Adrianna Beer is a tall, willowy girl who makes
simple clothes — say a light, loose
dress and sneakers — look instantly cool with the accessories she dons. And the creations are her own. This is no Bling Ring look, though; with her designs, Beer steers away from the splashes of neon and crystal. Instead, the budding
jewelry designer and works with juxtaposing elements, like gold-dipped
leather, to create her
signature pieces. The results are placing her on the radar of editors and consumers alike.
Beer, 25, hails from horse country in Virginia, where her family still lives, and her father plays polo. After venturing to New York City for school, she studied womenswear design at Parsons before realizing that she had a penchant for a different kind of adornment, and enrolled in the Fitzgerald Jewelry School in Brooklyn. Now she works out of Manhattan on Chrystie Street, a space she shares with an architect, making runs up to the Diamond District, which she emphatically describes as “a bit crazy.” Beers works alone to design the samples, which take between one to two weeks to create for a single piece, then uses a production team to scale for sale.
She just launched her line last season, making Spring/Summer her first collection. Her style speaks in a simple language and the last season’s gunmetal and silver tones danced on a gothic tightrope in angular shapes like triangles (dubbed the “buckler”, which has become a signature shape) and the God’s eye necklace.
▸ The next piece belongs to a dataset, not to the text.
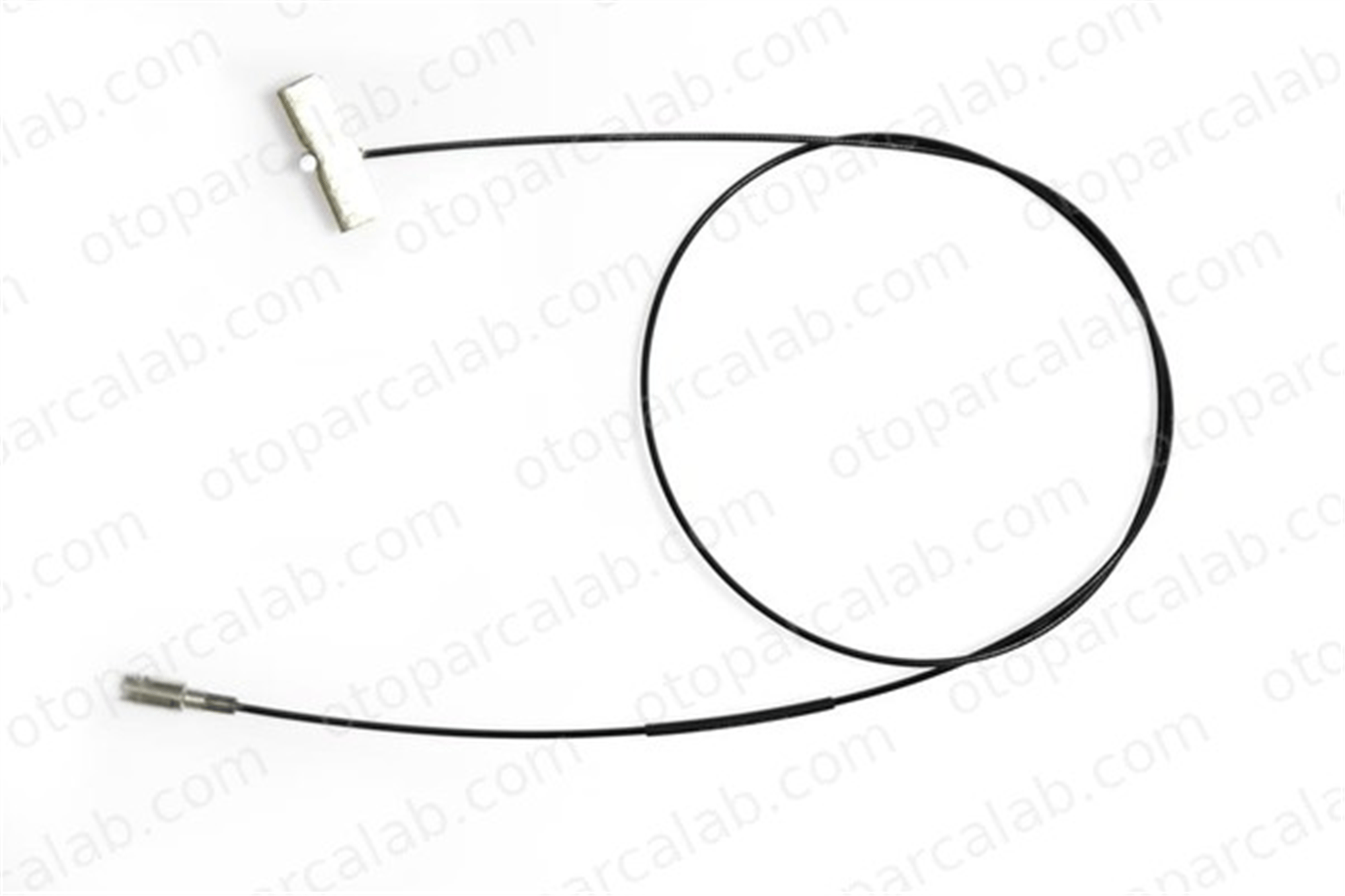 CAVO 5902 757 El Fren Teli Orta RENAULT TRAFIC III Panelvan/Van FIAT TALENTO Panelvan/Van 4423238 93868404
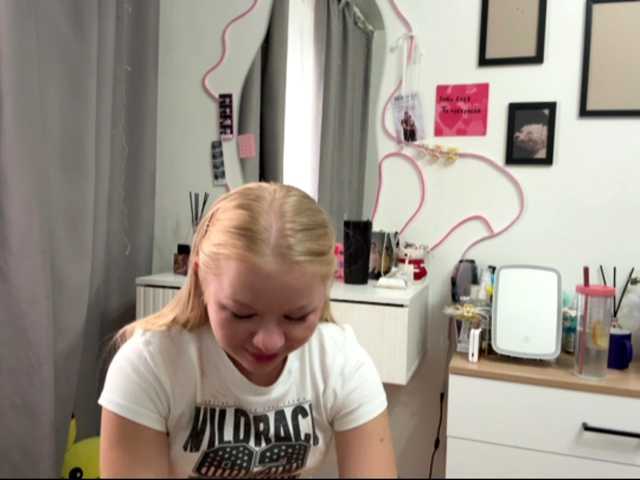 VelvetLilly live cam on BongaCams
Unlike most designers who tend towards darker palettes for fall, Beer brightened up.
“The fall/winter collection is taking some of the shapes from spring/summer 2013 and kind of filling that negative space and creating a canvas to adorn that space,” Beers said. “So that’s the wrapping you see,” she added, pointing to turquoise string painstakingly wrapped around each God’s eye that creates a hypnotic and unique necklace.
The new collection also includes the mini- and regular bolero bangle, a silver crescent that can be worn on the wrist or higher up on the arm, and is secured with a purple or turquoise bungee.
It should come as no surprise that Beer’s ideal customer sees the humor and joie de vivre in dressing. “I like a woman who is playful and curious, and doesn’t take fashion way too seriously.”
And she’s a woman of the ages, adding that she has recently bridged the age gap with customers in their '60s. Not only is this universally appealing, it’s a business win for the young designer, who manages to keep herself not pigeonholed. She's gotten herself into doors in Aspen, San Francisco, and New York like Artifact carry it, in addition to Hadria’s online website, which is a little rough around the digital edges, but still connects any potential customer to the Hadria world.
Next on the docket for Beers? Collaborations with other designers, a menswear line (“I’ve gotten some orders from men”), expanding into more stores, and a whole lotta deco inspiration and midi rings galore.